Let’s talk about Environmental Odours

This month, Dr Ruth Fisher who is a researcher in our Odour Laboratory and a Lecturer within the School of Civil and Environmental Engineering, has been talking about bad smells and how to deal with them from industrial to residential settings.

In simple terms, a smell is made up of chemical compounds that we breathe in and bind to receptors in the nose, these then produce a response in our brain.  All day we are bombarded with smells varying from pleasant to horrid encounters.  One very unique feature of a smell is that it varies from person to person.  We all perceive a smell slightly differently ranging anywhere from highly sensitive to odours, through to lacking particular receptors that result in partial or full loss of smell.
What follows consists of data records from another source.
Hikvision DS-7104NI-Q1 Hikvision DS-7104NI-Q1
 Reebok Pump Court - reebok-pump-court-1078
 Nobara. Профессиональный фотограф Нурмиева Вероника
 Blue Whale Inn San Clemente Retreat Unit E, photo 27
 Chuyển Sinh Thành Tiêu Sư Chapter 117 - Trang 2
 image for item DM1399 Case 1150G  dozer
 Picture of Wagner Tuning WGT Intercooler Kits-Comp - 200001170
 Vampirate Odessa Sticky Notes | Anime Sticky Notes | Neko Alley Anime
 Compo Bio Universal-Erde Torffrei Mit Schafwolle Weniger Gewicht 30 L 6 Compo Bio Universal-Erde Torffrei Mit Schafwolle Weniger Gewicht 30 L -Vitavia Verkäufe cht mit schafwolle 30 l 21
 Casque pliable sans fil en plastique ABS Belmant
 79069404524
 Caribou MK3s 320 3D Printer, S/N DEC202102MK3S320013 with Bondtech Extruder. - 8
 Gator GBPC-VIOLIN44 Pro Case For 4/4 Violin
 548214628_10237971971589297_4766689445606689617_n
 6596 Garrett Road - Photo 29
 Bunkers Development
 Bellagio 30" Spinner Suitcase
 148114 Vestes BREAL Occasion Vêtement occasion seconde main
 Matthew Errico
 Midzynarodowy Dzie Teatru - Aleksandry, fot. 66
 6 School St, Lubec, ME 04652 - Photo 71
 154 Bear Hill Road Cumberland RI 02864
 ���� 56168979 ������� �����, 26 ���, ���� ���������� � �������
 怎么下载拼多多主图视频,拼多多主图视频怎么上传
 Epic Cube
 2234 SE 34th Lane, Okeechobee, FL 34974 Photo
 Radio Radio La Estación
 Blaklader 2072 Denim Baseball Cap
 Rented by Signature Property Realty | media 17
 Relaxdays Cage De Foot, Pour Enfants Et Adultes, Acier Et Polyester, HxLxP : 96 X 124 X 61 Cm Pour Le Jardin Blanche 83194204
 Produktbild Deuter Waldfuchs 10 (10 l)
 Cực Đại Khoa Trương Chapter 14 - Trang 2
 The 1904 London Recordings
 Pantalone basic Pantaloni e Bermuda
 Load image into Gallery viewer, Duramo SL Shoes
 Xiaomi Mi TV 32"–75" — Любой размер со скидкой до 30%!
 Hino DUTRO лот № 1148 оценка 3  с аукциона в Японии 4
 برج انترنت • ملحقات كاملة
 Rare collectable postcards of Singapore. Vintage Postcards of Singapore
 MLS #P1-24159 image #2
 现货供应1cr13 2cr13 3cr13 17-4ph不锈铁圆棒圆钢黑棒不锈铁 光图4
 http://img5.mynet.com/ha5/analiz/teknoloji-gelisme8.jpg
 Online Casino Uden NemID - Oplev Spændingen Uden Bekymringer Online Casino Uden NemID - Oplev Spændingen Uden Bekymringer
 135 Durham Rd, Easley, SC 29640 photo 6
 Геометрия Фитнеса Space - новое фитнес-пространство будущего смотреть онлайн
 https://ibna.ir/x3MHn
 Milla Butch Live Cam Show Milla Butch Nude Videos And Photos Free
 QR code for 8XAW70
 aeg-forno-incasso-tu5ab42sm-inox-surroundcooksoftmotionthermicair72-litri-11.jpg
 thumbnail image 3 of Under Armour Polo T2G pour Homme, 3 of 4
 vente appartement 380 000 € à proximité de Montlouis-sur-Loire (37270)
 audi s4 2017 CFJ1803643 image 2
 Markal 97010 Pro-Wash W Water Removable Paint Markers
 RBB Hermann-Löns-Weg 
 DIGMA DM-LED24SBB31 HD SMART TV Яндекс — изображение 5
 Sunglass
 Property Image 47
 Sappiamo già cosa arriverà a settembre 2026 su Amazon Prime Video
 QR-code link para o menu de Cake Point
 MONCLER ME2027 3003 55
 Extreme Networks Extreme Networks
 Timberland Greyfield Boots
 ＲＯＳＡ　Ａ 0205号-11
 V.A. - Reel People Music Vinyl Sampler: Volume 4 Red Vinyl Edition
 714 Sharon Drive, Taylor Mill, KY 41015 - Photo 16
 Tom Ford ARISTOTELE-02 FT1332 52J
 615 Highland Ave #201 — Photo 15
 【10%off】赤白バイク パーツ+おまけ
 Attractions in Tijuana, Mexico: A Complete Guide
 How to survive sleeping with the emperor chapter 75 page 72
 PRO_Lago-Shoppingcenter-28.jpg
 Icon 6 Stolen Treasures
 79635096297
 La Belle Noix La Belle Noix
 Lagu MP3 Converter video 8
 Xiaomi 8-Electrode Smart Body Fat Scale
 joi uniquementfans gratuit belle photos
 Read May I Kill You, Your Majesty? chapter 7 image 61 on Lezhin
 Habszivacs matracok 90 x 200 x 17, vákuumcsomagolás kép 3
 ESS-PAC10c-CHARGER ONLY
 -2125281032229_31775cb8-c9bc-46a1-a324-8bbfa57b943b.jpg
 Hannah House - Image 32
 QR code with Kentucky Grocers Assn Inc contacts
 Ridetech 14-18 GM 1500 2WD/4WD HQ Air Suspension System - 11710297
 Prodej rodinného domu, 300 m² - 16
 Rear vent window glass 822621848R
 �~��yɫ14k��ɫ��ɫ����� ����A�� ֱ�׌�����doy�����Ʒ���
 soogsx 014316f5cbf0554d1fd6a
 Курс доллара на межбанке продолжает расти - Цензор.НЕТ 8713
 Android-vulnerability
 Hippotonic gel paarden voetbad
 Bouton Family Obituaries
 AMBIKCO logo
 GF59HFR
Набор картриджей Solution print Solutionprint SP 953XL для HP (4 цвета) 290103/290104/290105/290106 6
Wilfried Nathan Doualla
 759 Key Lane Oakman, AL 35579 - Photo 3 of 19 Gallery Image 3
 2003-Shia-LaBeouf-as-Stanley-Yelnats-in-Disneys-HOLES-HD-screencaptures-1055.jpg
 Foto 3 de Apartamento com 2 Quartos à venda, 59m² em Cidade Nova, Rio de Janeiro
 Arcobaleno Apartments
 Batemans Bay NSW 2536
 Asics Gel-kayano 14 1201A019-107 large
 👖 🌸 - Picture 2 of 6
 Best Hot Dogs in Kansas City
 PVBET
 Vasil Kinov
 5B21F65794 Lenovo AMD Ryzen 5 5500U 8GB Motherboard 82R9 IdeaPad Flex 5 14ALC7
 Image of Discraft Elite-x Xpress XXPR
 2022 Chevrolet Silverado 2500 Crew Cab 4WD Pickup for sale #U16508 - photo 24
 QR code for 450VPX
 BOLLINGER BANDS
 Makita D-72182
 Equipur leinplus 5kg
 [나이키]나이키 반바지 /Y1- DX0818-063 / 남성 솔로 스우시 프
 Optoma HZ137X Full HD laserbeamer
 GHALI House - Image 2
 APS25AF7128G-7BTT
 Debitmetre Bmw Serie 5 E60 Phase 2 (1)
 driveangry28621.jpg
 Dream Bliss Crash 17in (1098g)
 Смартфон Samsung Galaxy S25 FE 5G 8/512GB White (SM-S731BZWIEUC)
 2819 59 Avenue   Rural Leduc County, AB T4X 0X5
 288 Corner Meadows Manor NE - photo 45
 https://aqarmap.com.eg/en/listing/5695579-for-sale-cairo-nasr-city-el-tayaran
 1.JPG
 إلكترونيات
Ruth discusses a range of practical approaches to living with odours and how to minimise their impact.  We first need to understand the smell by knowing where they are being formed and transmitted, what their compounds are and how we detect and recept them.  The best way to get rid of a bad smell is to stop or limit the formation in the first place.  If that is not possible, then we need to look at possible control options during the different odour phases. 

One example that we are all too familiar with and can end up in heated family discussion is the washroom. The simple act of closing the toilet seat before flushing can usually be the first line of defence to the ‘stop and limit’ method of odour control.  I think most of us would agree that this strategy is much better than experimenting with strange unpleasant masking techniques!